Na mesma obra usamos fotos das autoras para ilustrar detalhes de faces de pessoas articulando alguns sons do português (por exemplo, [e] como em tê-la ou [ɛ] como em tela) e um grupo de congado em Minas Gerais. A vantagem da sua foto é que você tira o que quer, mas pode haver dificuldades de logística em obter a foto, de tecnologia (a foto precisa ter boa resolução) e de permissão dos direitos em reproduzir a foto se ela retratar pessoas.
Esses procedimentos para escolha de fotos e ilustras foram sempre assim?
Não. E acho importante falar um pouco mais sobre isso. Afinal, o que fazemos hoje difere do que fizemos no passado e certamente nossos procedimentos serão diferentes no futuro. Esta conscientização é essencial para que procuremos decisões mais ágeis, mais eficientes e mais inclusivas no futuro. Segue então um breve relato da minha experiência: quando comecei a escrever, na década de 90 do século passado, aprendi rápido que era importante brifar detalhadamente as ilustras que queria. Meus primeiros livros foram uma série de readers (sem fotos, apenas com ilustras, sendo que elas ocupavam a maior parte de todas as páginas) e outra coleção de inglês para o Ensino Fundamental 1, onde havia predominantemente ilustras. Nessa obra e nas que se seguiram até o final da primeira década deste século, quando eu queria fotos, normalmente eu inseria pedidos como os seguintes nos arquivos das unidades que eu desenvolvia:
- [Foto de dois colegas de trabalho; um com ar inquisitivo, fazendo pergunta; o outro com ar de desapontamento e irritação]
- [Foto de duas crianças de 10-11anos entrevistando um adolescente. Um dos entrevistadores filma a entrevista com um celular; o outro conduz a entrevista apoiando-se em notas escritas num bloco de notas.]
- [Foto de um cachorro-quente diferente, como se fosse um rocambole de pão e salsicha.]
- [Foto de arqueólogo(s) em local de trabalho, em escavação, manipulando fósseis]

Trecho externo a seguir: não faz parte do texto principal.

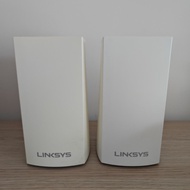 Linksys Velop Mesh Wifi System 路由器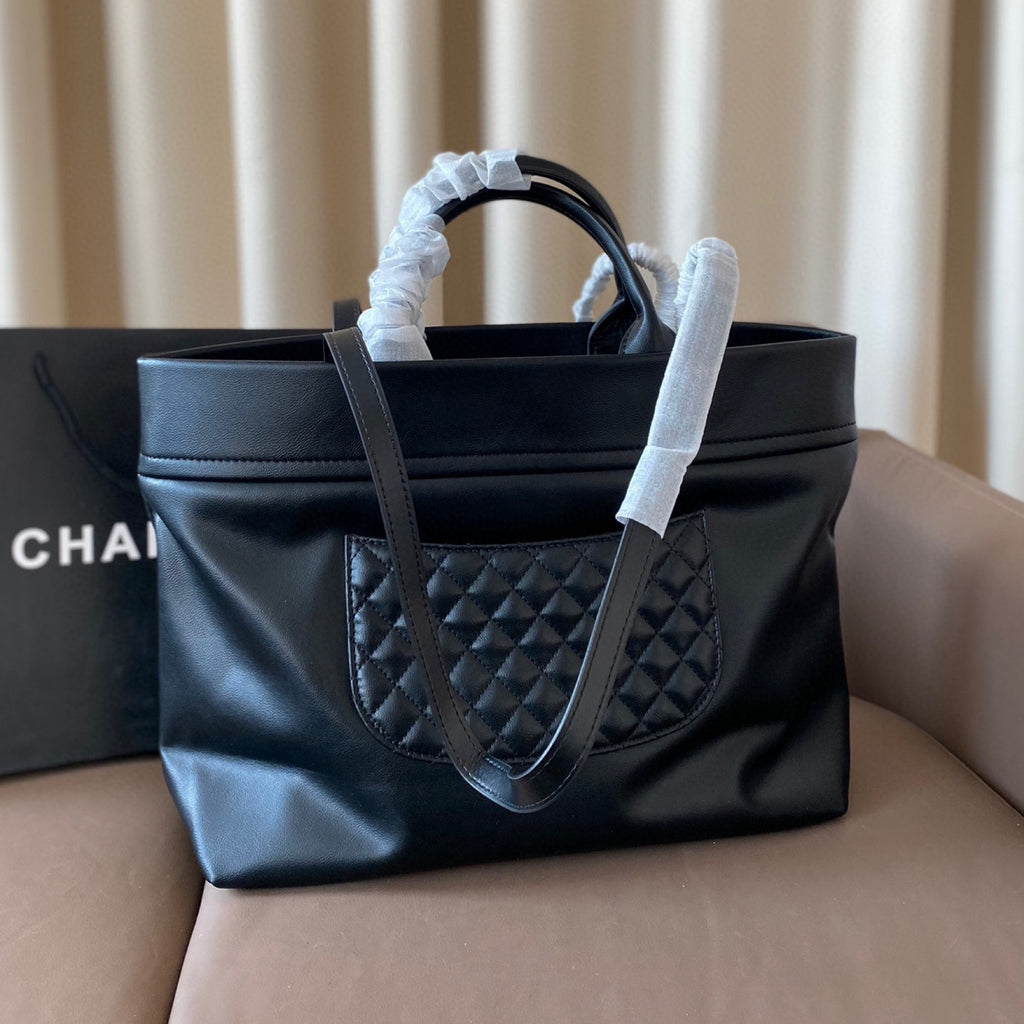 Fashion Handbag Tote Bag 0724082608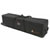 PhotoflexTranspac Dual Case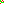 Destellos dst-995248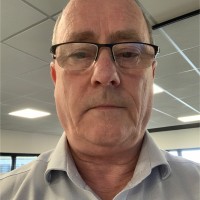 Neil Daniels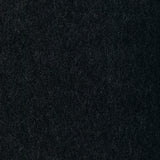 KRAVET COUTURE 33837.8.0 CHIC ALPACA CHARCOAL Fabric - Eade's Wallpaper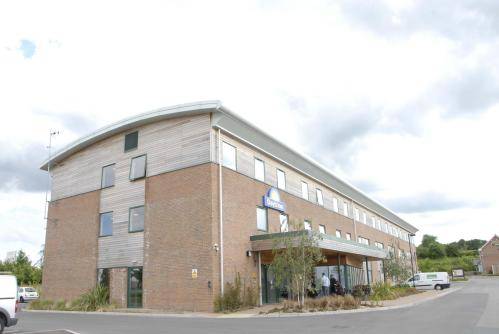 haverhill suffolk dating Apply to suffolk jobs now hiring in haverhill cb9 on indeedcouk, the world's largest job site. haverhill suffolk dating Apply to suffolk jobs now hiring in haverhill cb9 on indeedcouk, the world's largest job site.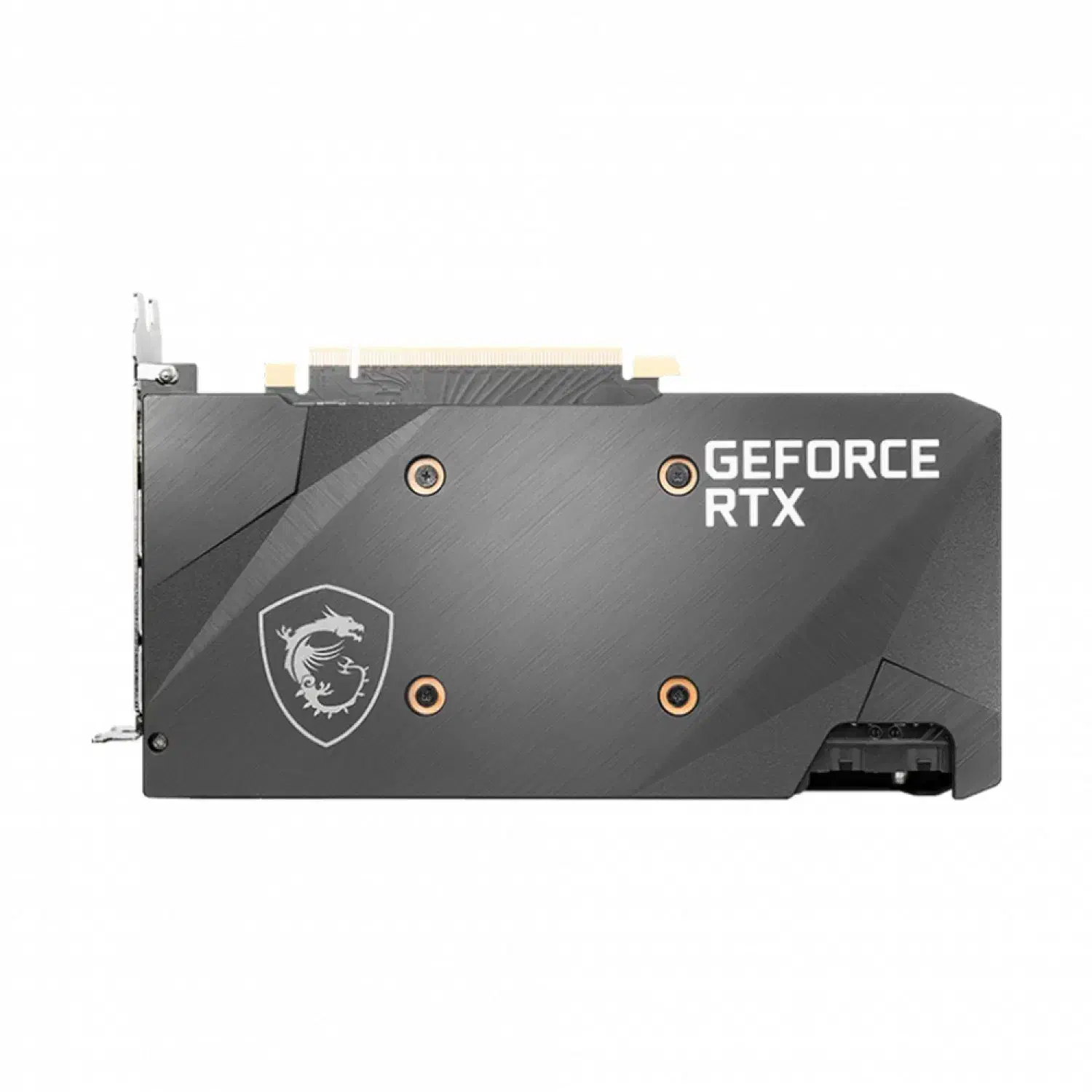 Rtx 3060 ti msi ventus|قطعات و لوازم جانبی رایانه|مشهد, توس (بلوار توس)|دیوار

Ao receber as provas para revisão eu conferia a adequação das fotos incluindo o layout da página. Em alguns projetos os editores me passavam algumas opções de fotos antes ainda da primeira prova, e a escolha era feita assim. Ou seja, àquela época um time de iconografia (in-house na editora, ou terceirizado) fazia o trabalho de busca mais demorado. Isso mudou. Este trabalho agora é feito pelos autores e, como disse antes, é preciso levar em conta, ao escrever, que essa busca pode ser demasiadamente longa. Já passei dias em que gastei mais tempo navegando no banco de imagens do que escrevendo propriamente dito!
A escolha de imagens em livros didáticos é um tópico vasto. Ele se desdobra em subtópicos de que não falei aqui, por exemplo, o uso de fotos no domínio público, as funções pedagógicas das imagens nos livros didáticos, a escolha das capas dos livros, entre muitos outros – quem sabe faço isso em outra postagem?
Escrevam contando detalhes das suas experiências!
Denise, muito obrigada pelo seu texto. Grande parte das minhas dúvidas sobre fotos/ilustrações foram respondidas em sua ampla explicação, mostrando que o processo usado no meu local de trabalho é bastante parecido com o seu, embora em bem menor escala. Pude me identificar com vários momentos do seu texto e perceber o quanto o briefing detalhado das imagens é importantíssimo.
Agradeço sua gentileza e iniciativa de compartilhar seu conhecimento tão vasto sobre o assunto!
Analice, obrigada pela sua resposta e comentários sobre a sua experiência. Posso adiantar que a próxima postagem no blogue, escrita por uma pessoa convidada (uma editora com grande experiência em produção de material didático), vai retomar o assunto e dar mais, muito mais detalhes sobre o processo de produção de um livro. Acho que você vai gostar! Abraços!